Decision Date14 May 1975
Docket NumberNo. 74--1450,74--1450
Citation312 So.2d 799
PartiesCITIES SERVICE COMPANY, Appellant, v. STATE of Florida et al., Appellees.
CourtFlorida District Court of Appeals

T. Paine Kelly, Jr., W. S. Rodgers, Jr., and Ted R. Manry, III, of Macfarlane Ferguson, Allison & Kelly, Tampa, for appellant.

Robert L. Shevin, Atty. Gen., and Kenneth F. Hoffman, Asst. Atty. Gen., Tallahassee, for appellees.

GRIMES, Judge.

This is an interlocutory appeal from a partial summary judgment on liability entered against the appellant.

The appellant, Cities Service Company (Cities Service), operates a phosphate rock mine in Polk County. On December 3, 1971, a dam break occurred in one of Cities Service's settling ponds. As a result, approximately one billion gallons of phosphate slimes contained therein escaped into Whidden Creek and thence into the Peace River, thereby killing countless numbers of fish and inflicting other damage.

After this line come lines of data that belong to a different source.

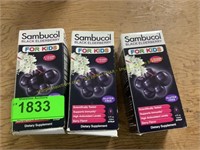 3 kids sambucol black elderberry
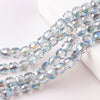Large Hole Crystal Beads Electroplated Glass Beads For Diy Bead Curtains Earrings And Hair Accessories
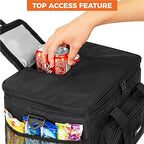 Soft Cooler Bag (Black / 40 Cans)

Appellee, The State of Florida (State), filed suit against Cities Service seeking injunctive relief as well as compensatory and punitive damages arising out of the dam break. The court granted an injunction for a limited period of time and struck the claim for punitive damages. Neither of these points are raised on this appeal. Later the court entered an order granting the State's motion for partial summary judgment on liability. The premise for this order was that Cities Service was liable without regard to negligence or fault for the damage occurring by reason of the escape of the phosphatic wastes into the public waters of the State of Florida.

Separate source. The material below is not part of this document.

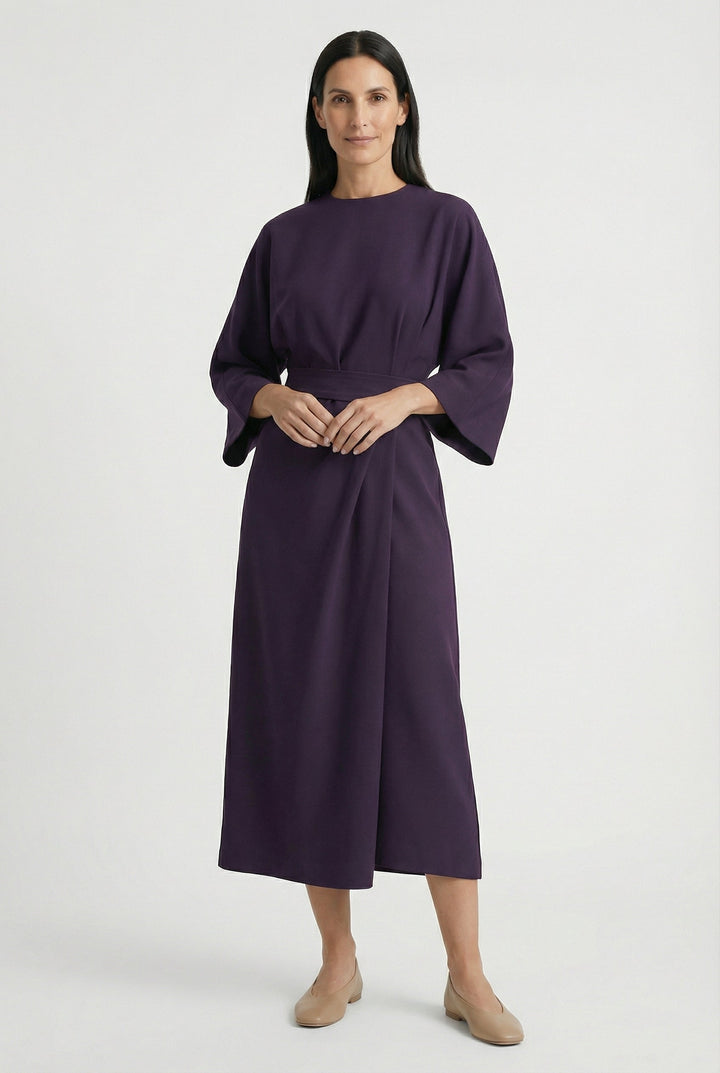 Erika | Flowing Maxi Dress with Belt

The determination of this appeal necessarily requires the consideration of the doctrine of strict liability for the hazardous use of one's land which was first announced in Rylands v. Fletcher, 1868, L.R. 3 H.L. 330. In that case the defendants, who were millowners, had constructed a reservoir upon their land. The water broke through into the shaft of an abandoned coal mine and flooded along connecting passages into the adjoining mine of the plaintiff. When the case reached the Exchequer Chamber, Justice Blackburn said:

'We think that the true rule of law is that the person who for his own purposes brings on his land and collects and keeps there anything likely to do mischief if it escapes, must keep it at his peril, and if he does not do so he is prima facie answerable for all the damage which is the natural consequences of its escape.'

This statement was limited in the House of Lords to the extent that Lord Cairns said that the principle applied only to a 'nonnatural' use of the defendant's land as distinguished from 'any purpose for which it might in the ordinary course of the enjoyment of land be used.'

Since that time there have been countless decisions both in England and America construing the application of this doctrine. Most of the early American decisions rejected the doctrine. However, the pendulum has now decidedly swung toward its acceptance. W. Prosser, The Law of Torts § 78 (4th ed. 1971). According to Prosser, by 1971 the doctrine had been approved in principle by thirty jurisdictions with only seven states still rejecting the principle.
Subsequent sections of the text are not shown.